Sok Dul showing off one of his best-selling Buddhist statues
Cementing a living: Sok Dul shows off one of his best sellers. Photo: Daniel Otis

A metre-tall sculpture takes Sok Dul one week to make. If he has a previously made mould, the construction process is shortened to three to four days.

“I choose the designs that sell,” Sok Dul says. “I like to make anything that is easy and fast.”

Chan Bunthoeun, 34, has been running a similar workshop for the past three years. “Cement,” he says, “is much easier to work with than stone.” Today he is busy adding some final flourishes to a stylised lion.
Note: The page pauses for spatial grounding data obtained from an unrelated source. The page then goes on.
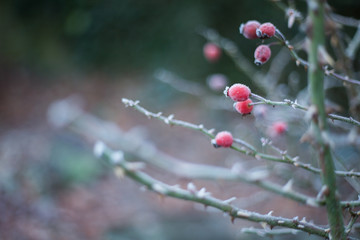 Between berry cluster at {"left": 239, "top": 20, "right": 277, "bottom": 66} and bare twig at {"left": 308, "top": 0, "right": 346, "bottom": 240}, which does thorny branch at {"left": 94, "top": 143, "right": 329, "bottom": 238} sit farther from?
berry cluster at {"left": 239, "top": 20, "right": 277, "bottom": 66}

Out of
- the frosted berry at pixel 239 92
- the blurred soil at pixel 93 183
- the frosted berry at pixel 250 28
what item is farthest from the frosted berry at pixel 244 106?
the blurred soil at pixel 93 183

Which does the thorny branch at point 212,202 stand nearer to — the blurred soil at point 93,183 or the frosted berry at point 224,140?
the frosted berry at point 224,140

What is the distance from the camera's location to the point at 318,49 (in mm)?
514

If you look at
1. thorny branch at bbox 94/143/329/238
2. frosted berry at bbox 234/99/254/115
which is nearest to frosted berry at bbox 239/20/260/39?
frosted berry at bbox 234/99/254/115

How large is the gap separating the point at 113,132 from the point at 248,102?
2.71 m

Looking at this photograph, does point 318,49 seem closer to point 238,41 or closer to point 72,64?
point 238,41

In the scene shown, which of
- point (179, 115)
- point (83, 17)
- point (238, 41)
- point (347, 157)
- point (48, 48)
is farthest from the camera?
point (48, 48)

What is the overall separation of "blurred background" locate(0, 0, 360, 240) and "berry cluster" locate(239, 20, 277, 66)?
0.55 meters

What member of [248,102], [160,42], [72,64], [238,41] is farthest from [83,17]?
[248,102]

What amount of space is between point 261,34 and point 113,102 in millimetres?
4114

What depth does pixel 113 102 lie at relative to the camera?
4.65m

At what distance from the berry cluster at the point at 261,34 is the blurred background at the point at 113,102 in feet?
1.80

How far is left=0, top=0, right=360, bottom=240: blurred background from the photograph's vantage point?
2.43 metres

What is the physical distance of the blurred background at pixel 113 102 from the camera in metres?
2.43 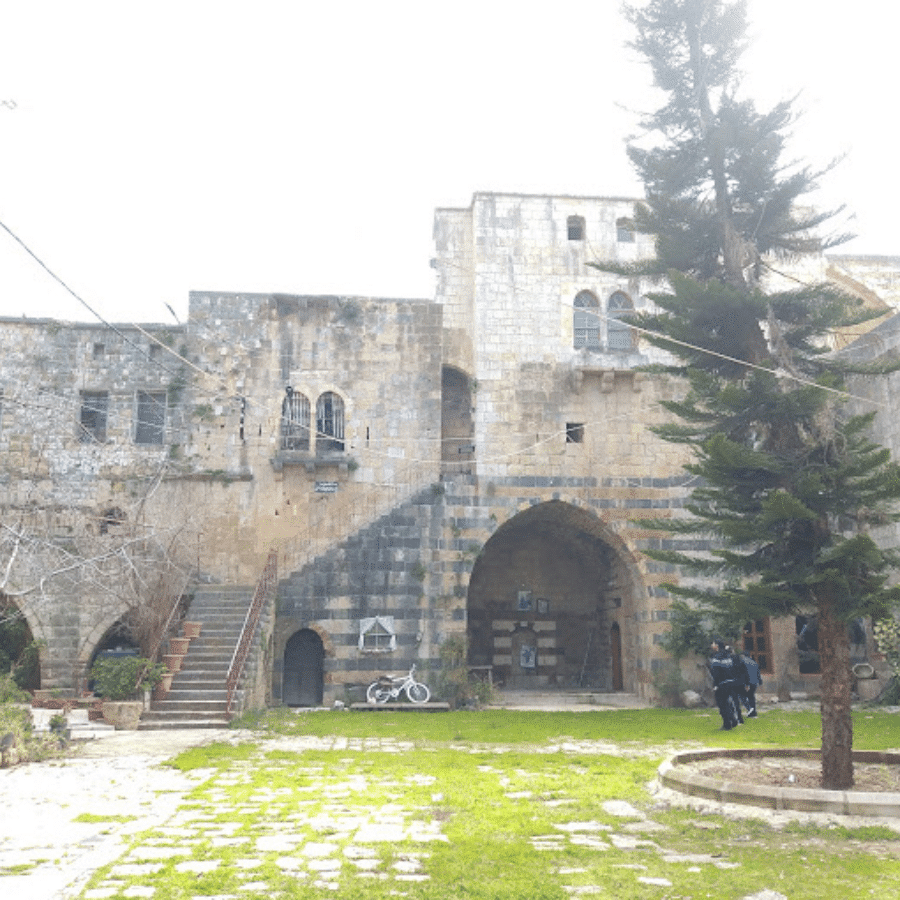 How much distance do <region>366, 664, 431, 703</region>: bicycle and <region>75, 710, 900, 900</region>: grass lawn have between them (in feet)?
18.6

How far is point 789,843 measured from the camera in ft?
19.0

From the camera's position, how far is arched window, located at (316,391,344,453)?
59.1 ft

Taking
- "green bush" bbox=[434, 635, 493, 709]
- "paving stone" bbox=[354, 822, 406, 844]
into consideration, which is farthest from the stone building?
Result: "paving stone" bbox=[354, 822, 406, 844]

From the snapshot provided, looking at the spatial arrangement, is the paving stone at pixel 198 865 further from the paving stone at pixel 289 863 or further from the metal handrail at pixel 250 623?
the metal handrail at pixel 250 623

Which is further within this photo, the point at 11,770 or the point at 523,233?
the point at 523,233

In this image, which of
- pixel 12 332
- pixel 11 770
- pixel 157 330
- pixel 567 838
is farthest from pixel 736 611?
pixel 12 332

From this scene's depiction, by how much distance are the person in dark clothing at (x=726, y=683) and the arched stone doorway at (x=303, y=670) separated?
24.4 ft

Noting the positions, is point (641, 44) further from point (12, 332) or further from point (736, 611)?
point (12, 332)

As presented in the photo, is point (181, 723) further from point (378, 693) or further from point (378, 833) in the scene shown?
point (378, 833)

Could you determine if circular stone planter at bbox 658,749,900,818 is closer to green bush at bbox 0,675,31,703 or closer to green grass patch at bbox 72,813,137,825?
green grass patch at bbox 72,813,137,825

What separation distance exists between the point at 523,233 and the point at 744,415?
38.8 ft

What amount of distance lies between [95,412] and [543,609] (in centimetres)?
1141

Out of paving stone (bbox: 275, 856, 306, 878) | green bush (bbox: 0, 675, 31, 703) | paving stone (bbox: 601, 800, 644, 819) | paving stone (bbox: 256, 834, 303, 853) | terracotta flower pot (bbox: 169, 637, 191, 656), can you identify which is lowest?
paving stone (bbox: 601, 800, 644, 819)

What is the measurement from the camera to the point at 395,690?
637 inches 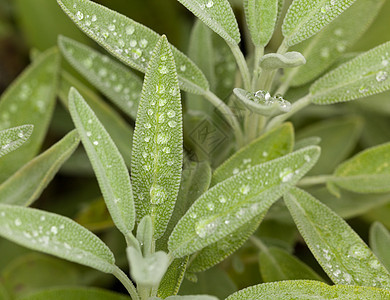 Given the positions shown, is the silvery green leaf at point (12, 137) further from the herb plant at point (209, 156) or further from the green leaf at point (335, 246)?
the green leaf at point (335, 246)

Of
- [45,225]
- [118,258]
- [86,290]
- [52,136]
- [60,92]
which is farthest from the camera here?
[52,136]

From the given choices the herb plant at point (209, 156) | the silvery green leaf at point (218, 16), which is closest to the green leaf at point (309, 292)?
the herb plant at point (209, 156)

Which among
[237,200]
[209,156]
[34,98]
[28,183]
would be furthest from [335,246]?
[34,98]

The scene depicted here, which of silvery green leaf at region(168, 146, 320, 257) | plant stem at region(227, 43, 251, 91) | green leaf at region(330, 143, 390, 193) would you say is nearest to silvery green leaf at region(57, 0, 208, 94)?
plant stem at region(227, 43, 251, 91)

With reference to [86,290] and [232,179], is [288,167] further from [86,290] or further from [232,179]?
[86,290]

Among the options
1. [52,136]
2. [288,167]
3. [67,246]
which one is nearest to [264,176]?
[288,167]

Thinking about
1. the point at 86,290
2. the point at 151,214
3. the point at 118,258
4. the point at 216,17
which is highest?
the point at 216,17

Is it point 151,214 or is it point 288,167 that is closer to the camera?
point 288,167

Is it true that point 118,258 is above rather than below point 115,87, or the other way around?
below

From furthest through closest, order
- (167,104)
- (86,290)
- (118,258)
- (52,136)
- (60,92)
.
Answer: (52,136) < (118,258) < (60,92) < (86,290) < (167,104) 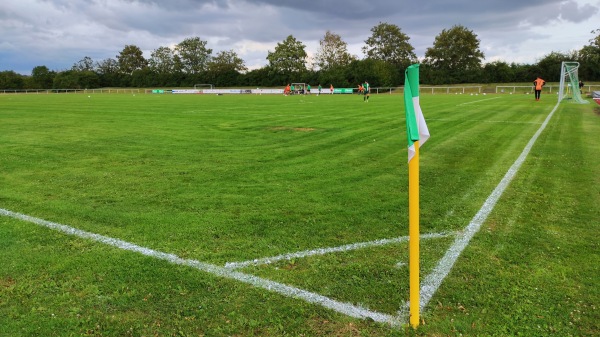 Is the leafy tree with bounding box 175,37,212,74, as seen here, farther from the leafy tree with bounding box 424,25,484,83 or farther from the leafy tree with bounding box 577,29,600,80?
the leafy tree with bounding box 577,29,600,80

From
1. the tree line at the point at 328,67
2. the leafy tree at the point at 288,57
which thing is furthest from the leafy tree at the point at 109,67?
the leafy tree at the point at 288,57

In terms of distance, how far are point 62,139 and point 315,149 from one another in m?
7.70

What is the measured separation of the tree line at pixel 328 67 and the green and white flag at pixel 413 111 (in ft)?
241

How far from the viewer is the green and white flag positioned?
2.72 m

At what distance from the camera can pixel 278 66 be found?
95.2 metres

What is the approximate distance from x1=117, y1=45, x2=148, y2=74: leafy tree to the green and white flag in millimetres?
135381

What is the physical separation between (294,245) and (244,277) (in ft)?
2.67

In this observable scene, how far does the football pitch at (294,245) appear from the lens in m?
3.12

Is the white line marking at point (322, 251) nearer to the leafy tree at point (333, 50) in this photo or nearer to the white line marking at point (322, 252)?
the white line marking at point (322, 252)

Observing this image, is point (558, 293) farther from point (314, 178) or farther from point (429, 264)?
point (314, 178)

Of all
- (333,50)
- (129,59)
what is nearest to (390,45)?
(333,50)

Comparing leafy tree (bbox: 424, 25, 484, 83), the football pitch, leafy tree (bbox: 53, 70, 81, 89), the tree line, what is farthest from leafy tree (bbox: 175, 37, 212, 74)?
the football pitch

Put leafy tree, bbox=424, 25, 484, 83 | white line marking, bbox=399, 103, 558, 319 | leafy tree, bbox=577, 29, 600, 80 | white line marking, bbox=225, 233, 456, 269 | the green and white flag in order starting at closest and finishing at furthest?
1. the green and white flag
2. white line marking, bbox=399, 103, 558, 319
3. white line marking, bbox=225, 233, 456, 269
4. leafy tree, bbox=577, 29, 600, 80
5. leafy tree, bbox=424, 25, 484, 83

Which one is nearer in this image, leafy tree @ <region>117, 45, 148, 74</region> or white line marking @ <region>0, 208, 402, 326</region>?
white line marking @ <region>0, 208, 402, 326</region>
Nearby, a life-sized Buddha with an oversized head stands watch, palms pressed together in prayer, while Chan Bunthoeun’s four-year-old daughter splashes in the bucket he is working from.

“I like my work,” Chan Bunthoeun says, “and I can easily support my family… Since 1980, there has been a lot of work for cement carvers.”

In its quest to create a new society, ethnologist and archaeologist Ang Choulean estimates that the Khmer Rouge destroyed as many as 95% of all Buddhist sculptures in Cambodia. The only sculptures that were spared, he says, were Hindu deities and museum pieces – icons that were no longer considered ‘living’.

Perhaps equally devastating to Cambodia’s cultural heritage has been the pillaging of ancient artefacts during periods of civil strife. While small-scale looting occurred between the 1970 American-backed coup d’état and the 1975 ascension of the Khmer Rouge, it became rampant in the tumultuous decade that followed Vietnam’s 1989 withdrawal from the country. “This continued,” Ang Choulean says, “until approximately ten years ago… But even today, it still happens.”

Between destruction and looting, few Buddhist sculptures remained. “This is why what you now see in the wats is always something new,” Ang Choulean says, “and I’m sorry to say, but it is very often ugly.”

Buddhist statues waiting to be sold in Phnom Penh
Golden and gaudy: cement Buddhas wait to be sold near Phnom Penh’s Prayuvong Pagoda. Photo: Daniel Otis

Nevertheless, it is possible to find talented craftsmen who are producing beautiful religious sculptures today, but these are most often facsimiles of works from the past. Companies like Siem Reap-based Artisans D’Angkor turn out exceptional (and expensive) stone and wood Angkorian reproductions for a predominantly foreign clientele, while sculptors in the provinces of Kampong Thom, Siem Reap and Pursat carve for local customers and pagodas. It is difficult, however, to find inspired or innovative work. Yin Rithy, a stone carver on Phnom Penh’s Street 178, aptly sums up the situation: “I carve what my teacher taught me and what my employer orders,” he says. Although highly skilled, he almost exclusively sculpts dancing Apsaras and Buddhas in meditation.

Ang Choulean considers the current aesthetic decline of Buddhist iconography to be symptomatic of a general decay of religion in Cambodian society. Whereas Buddhist monasteries used to be community-based organisations, Ang Choulean states that they are increasingly becoming controlled by the wealthy. “We are losing our heritage because of money,” he says. “Sculpture, physically, is just one element of the whole… Why should you spend one month creating one statue if you can spend only one week and sell it for the same price?”

Khmer sculpture at a glance

Cambodia’s rich iconographic tradition has its origins in the Funan and Chenla kingdoms that thrived in the region between the 1st and 9th centuries. Influenced by India, the graceful simplicity of the religious sculptures produced in these kingdoms mirror the Greek-inspired icons that emerged in Asia after the 4th century BC conquests of Alexander the Great.

Uniquely Khmer sculpture started to appear in Cambodia under the reign of King Jayavarman II (802 – 850), commonly referred to as the founder of the Khmer Empire. In this period, delicately featured idols began to be replaced by bolder stone deities with distinctly Khmer physiognomy.

The prolific building of monuments that characterised the Khmer Empire ended with the widespread adoption of Theravada Buddhism towards the end of the 13th century. With monument building went the art of stone carving, and after Angkor was sacked by Thailand’s Ayutthaya Kingdom in 1431, Cambodia’s religious iconography – now mostly crafted from wood – began to take on the distinctly Thai character that we see today.